SYNOPSIS
dh_installman [debhelper options] [manpage ...]DESCRIPTION
dh_installman is a debhelper program that handles installing man pages into the correct locations in package build directories. You tell it what man pages go in your packages, and it figures out where to install them based on the section field in their .TH or .Dt line. If you have a properly formatted .TH or .Dt line, your man page will be installed into the right directory, with the right name (this includes proper handling of pages with a subsection, like 3perl, which are placed in man3, and given an extension of .3perl).
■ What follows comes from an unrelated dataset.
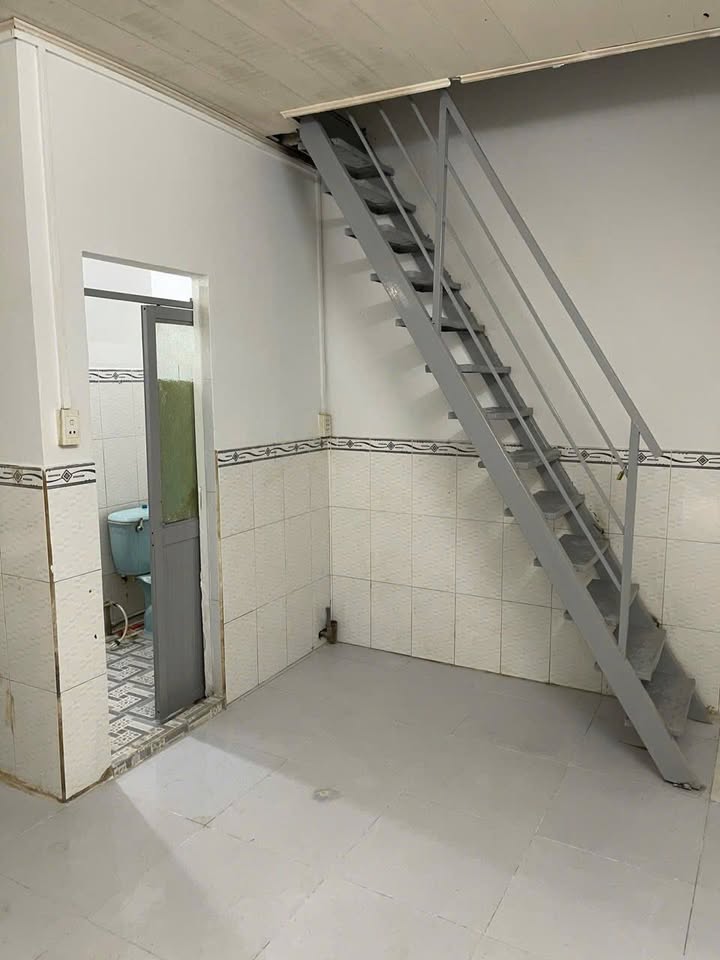 Nhà riêng bán gấp tại Bình Hưng, Bình Chánh 28m² giá 1.3 tỷ - Pháp lý rõ ràng!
If your .TH or .Dt line is incorrect or missing, the program may guess wrong based on the file extension.It also supports translated man pages, by looking for extensions like .ll.8 and .ll_LL.8, or by use of the --language switch.
If dh_installman seems to install a man page into the wrong section or with the wrong extension, this is because the man page has the wrong section listed in its .TH or .Dt line. Edit the man page and correct the section, and dh_installman will follow suit. See man(7) for details about the .TH section, and mdoc(7) for the .Dt section. If dh_installman seems to install a man page into a directory like /usr/share/man/pl/man1/, that is because your program has a name like foo.pl, and dh_installman assumes that means it is translated into Polish. Use --language=C to avoid this.
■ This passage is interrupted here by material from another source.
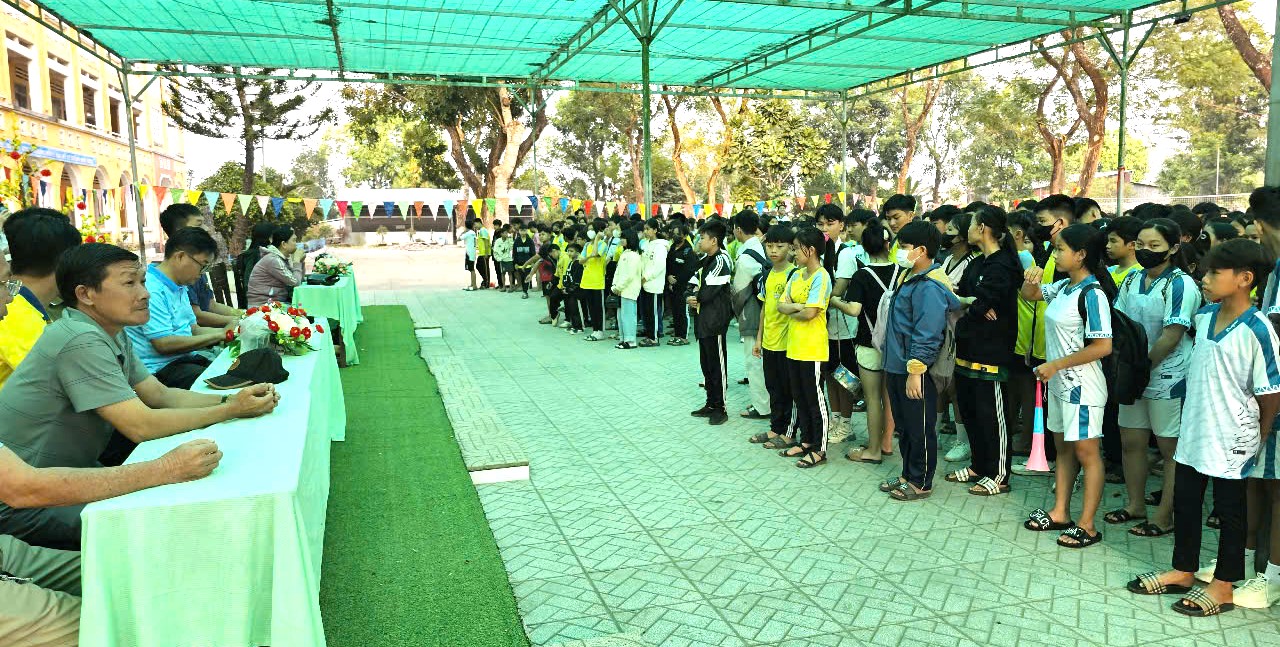 HS dự khai mạc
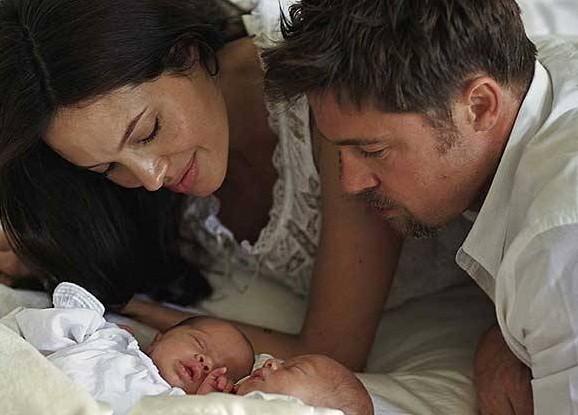 Video: 12 năm mặn nồng của “ông bà Smith” Angelina Jolie và Brad Pitt Cả hai sung sướng bên cạnh hai nhóc tỳ sinh đôi Knox và Vivienne.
After the man page installation step, dh_installman will check to see if any of the man pages in the temporary directories of any of the packages it is acting on contain .so links. If so, it changes them to symlinks.
Also, dh_installman will use man to guess the character encoding of each manual page and convert it to UTF-8. If the guesswork fails for some reason, you can override it using an encoding declaration. See manconv(1) for details.
FILES
- debian/package.manpages
- Lists man pages to be installed.
OPTIONS
- -A, --all
- Install all files specified by command line parameters in ALL packages acted on.
- --language=ll
- Use this to specify that the man pages being acted on are written in the specified language.
- manpage ...
- Install these man pages into the first package acted on. (Or in all packages if -A is specified).